▸ **What to do**: Would you please return only the lines from the one with "SOUTH AFRICA STELLENBOSCH" through the last line of the records below, leaving the pictures out?

━━━

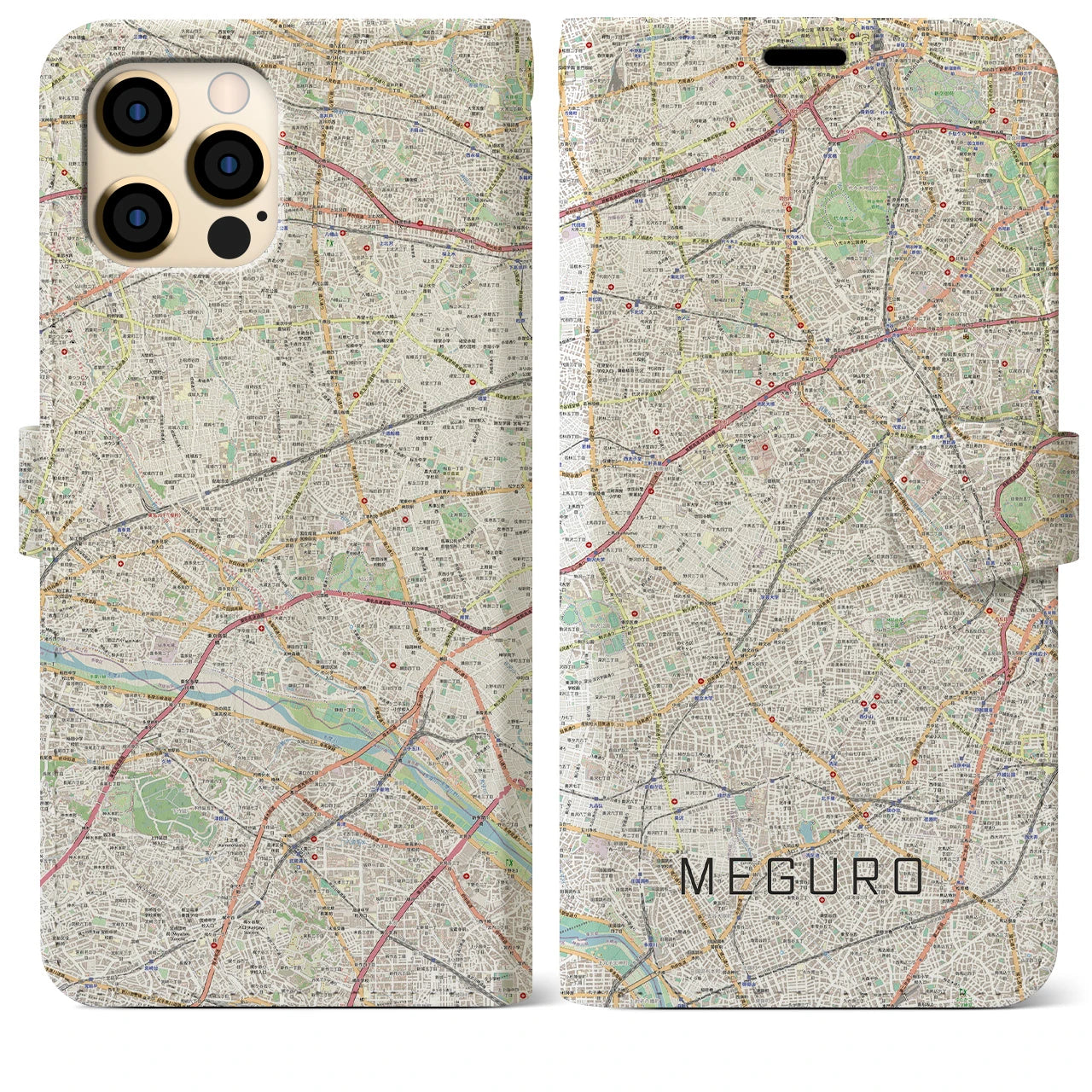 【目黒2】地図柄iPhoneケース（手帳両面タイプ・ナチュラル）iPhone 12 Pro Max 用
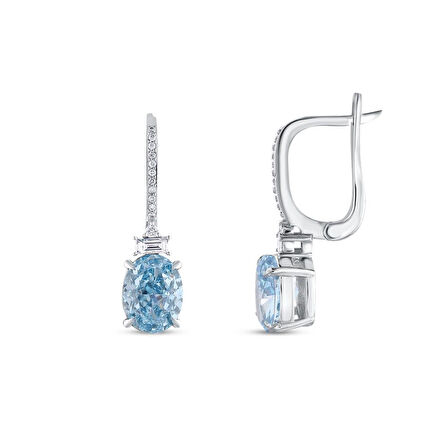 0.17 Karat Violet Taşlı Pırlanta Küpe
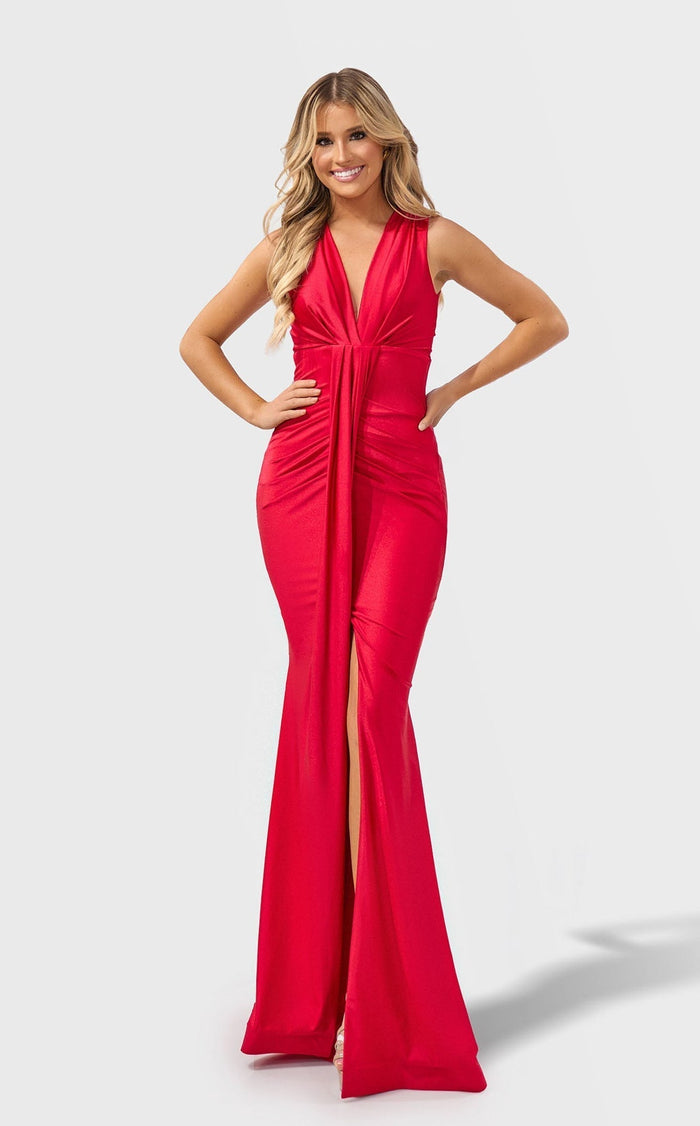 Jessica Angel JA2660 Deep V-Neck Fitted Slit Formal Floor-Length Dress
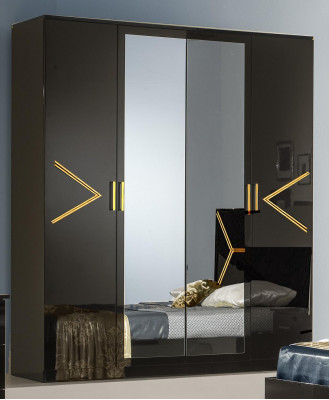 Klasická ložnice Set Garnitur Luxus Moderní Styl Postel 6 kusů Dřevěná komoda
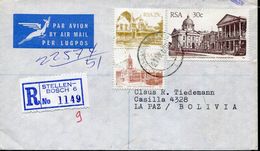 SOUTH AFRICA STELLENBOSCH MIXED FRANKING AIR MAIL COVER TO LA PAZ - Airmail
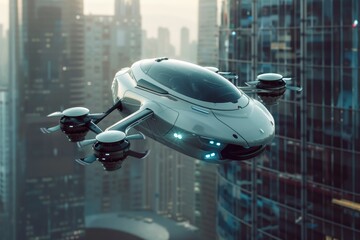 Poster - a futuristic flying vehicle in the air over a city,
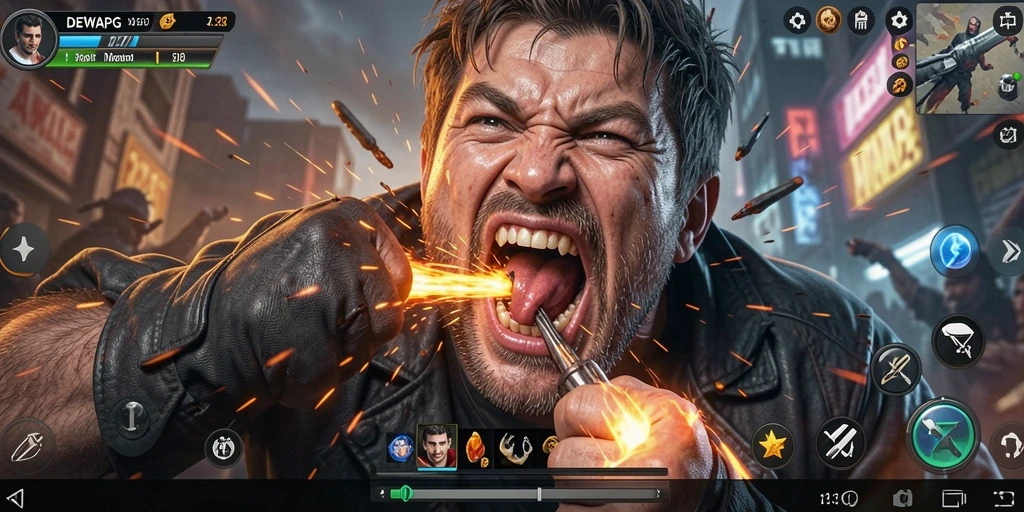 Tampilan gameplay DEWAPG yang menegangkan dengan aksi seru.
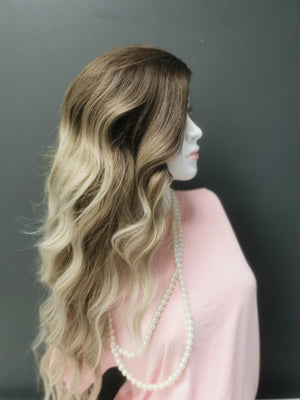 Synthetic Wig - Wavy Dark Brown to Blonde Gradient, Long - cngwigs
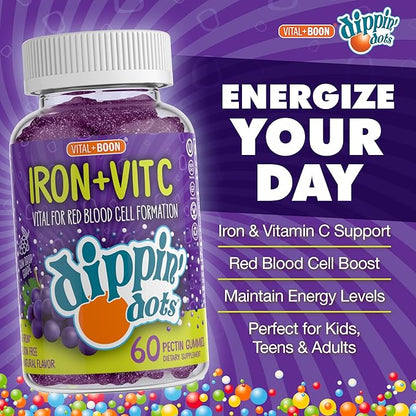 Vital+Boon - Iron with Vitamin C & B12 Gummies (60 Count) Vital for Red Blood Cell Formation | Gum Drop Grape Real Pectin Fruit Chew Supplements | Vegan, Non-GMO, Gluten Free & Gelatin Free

━━━

▸ **Written answer**:
 SOUTH AFRICA STELLENBOSCH MIXED FRANKING AIR MAIL COVER TO LA PAZ - Airmail
 Poster - a futuristic flying vehicle in the air over a city,
 Tampilan gameplay DEWAPG yang menegangkan dengan aksi seru.
 Synthetic Wig - Wavy Dark Brown to Blonde Gradient, Long - cngwigs
 Vital+Boon - Iron with Vitamin C & B12 Gummies (60 Count) Vital for Red Blood Cell Formation | Gum Drop Grape Real Pectin Fruit Chew Supplements | Vegan, Non-GMO, Gluten Free & Gelatin Free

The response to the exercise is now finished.